FORT KENT, Maine — Temperatures and records were falling around northern Maine Monday morning as some communities woke to thermometer readings in the double digits below zero, according to the National Weather Service.
“We saw the all-time record low for April Monday morning,” said Rich Norton at the National Weather Service’s Caribou office early Monday. “There were a lot of minus readings.”
Caribou, Houlton and Presque Isle each set all-time April cold records with 6 a.m. temperature readings of minus 4 degrees at Caribou, minus 12 degrees at Houlton and minus 13 degrees at Presque Isle.
The record low marked two in a row for Houlton, which set its previous record low of minus 7 degrees on Easter Sunday morning.
Caribou’s previous record April low was minus 2 degrees set on April 2, 1964, and Presque Isle easily bested its previous record of 4 degrees recorded April 2, 1964, according to the weather service.
Temperatures to the south were quite warm by comparison — the National Weather Service office in Gray was at 28 degrees Monday morning.
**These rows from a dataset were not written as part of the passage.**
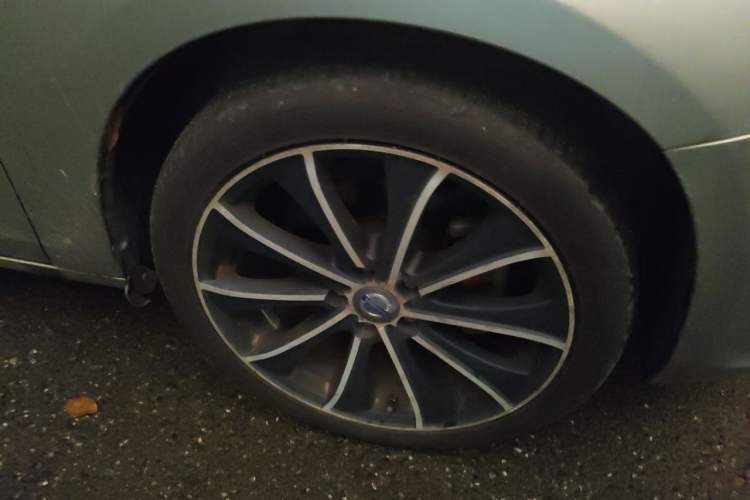 Used Volvo S60 2015 S60L 2.0T Smart Drive Edition Right Front Wheel Hub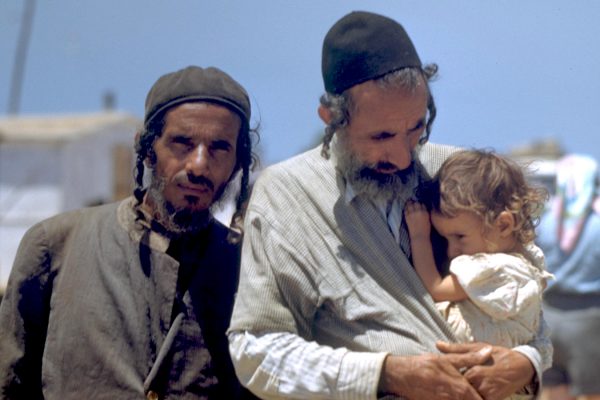 עולים חדשים מתימן, במחנה לקליטת עלייה בבית ליד, ליד נתניה, 1950 (צילום: SEYMOUR KATCOFF/ לע"מ).
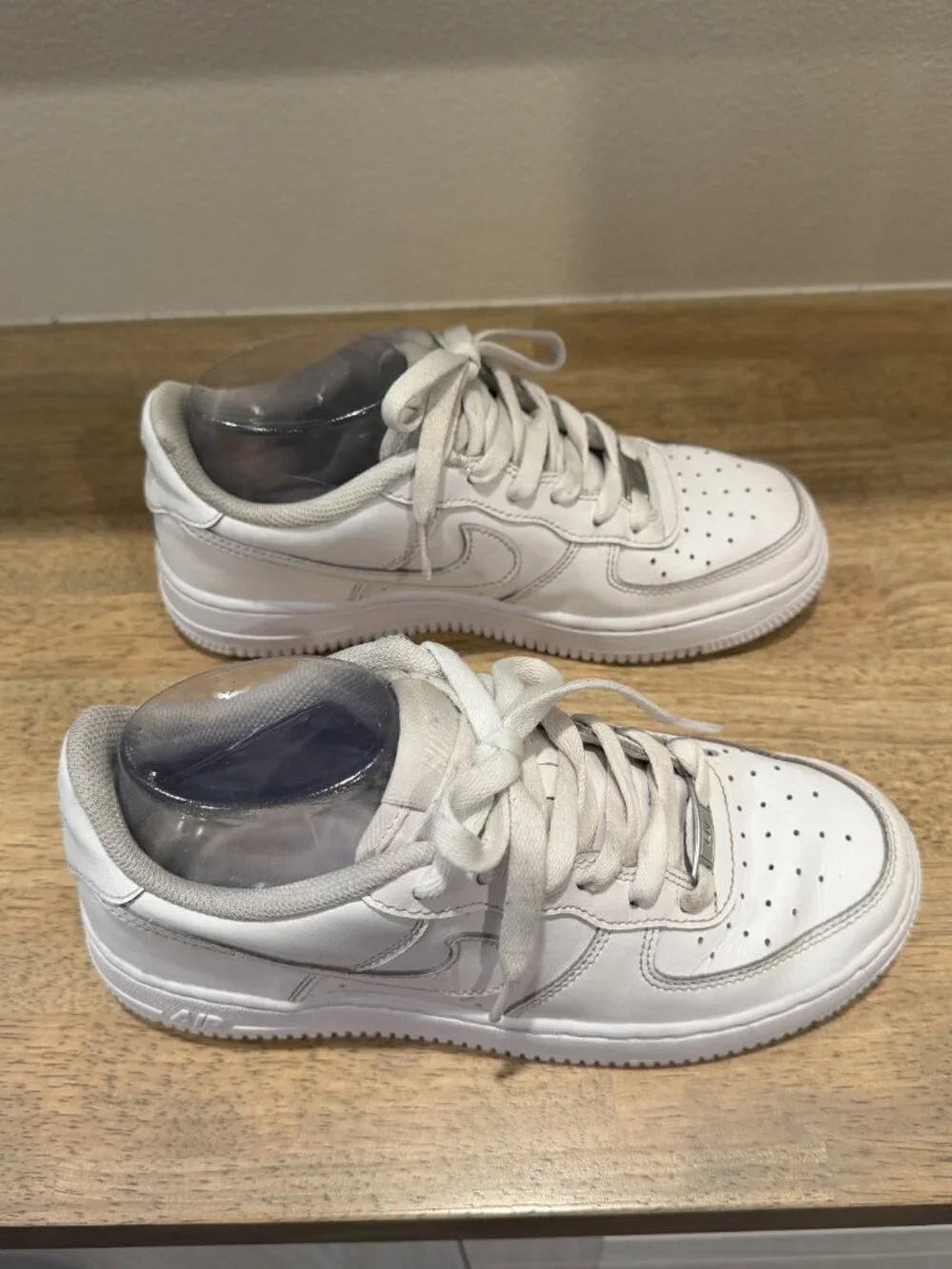 Nike Air Force 1 Low White GS Sneakers Size 5.5Y / W7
“It’s quite warm here compared to northern Maine,” said Tom Hawley, meteorologist at the Gray weather office. “Up north you had clear skies and when that cold air settled in [overnight] all that warm air you got Sunday radiated right out into space.”
Over the weekend, Caribou also broke its daily snowfall record for April 4 with 7.1 inches of new snow, breaking the old record for that date of 5.3 inches set in 1975.
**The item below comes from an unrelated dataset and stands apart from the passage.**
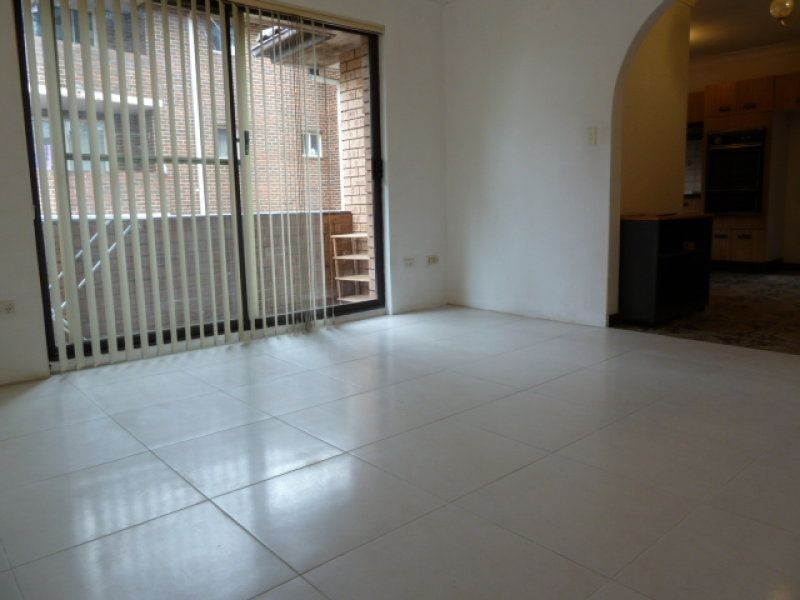 6 Queens Road, Westmead NSW 2145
Things should start to improve as the week moves on, according to the weather service.
Temperatures in northern and central Maine this coming week will slowly trend upward from the 20s and 30s on Monday, to the 40s throughout the area on Friday, then close to 50 Saturday and Sunday of next weekend.
Bangor could pick up 1 to 2 inches of snow overnight starting Monday evening before things begin to warm up.
“Once the warmer weather is here it should last well into next week with no return of Arctic air in sight,” according to the NWS website.
Temperatures around the southern part of state will be several degrees below normal for the better part of the week, according to the NWS, but things will improve with the long-range forecast.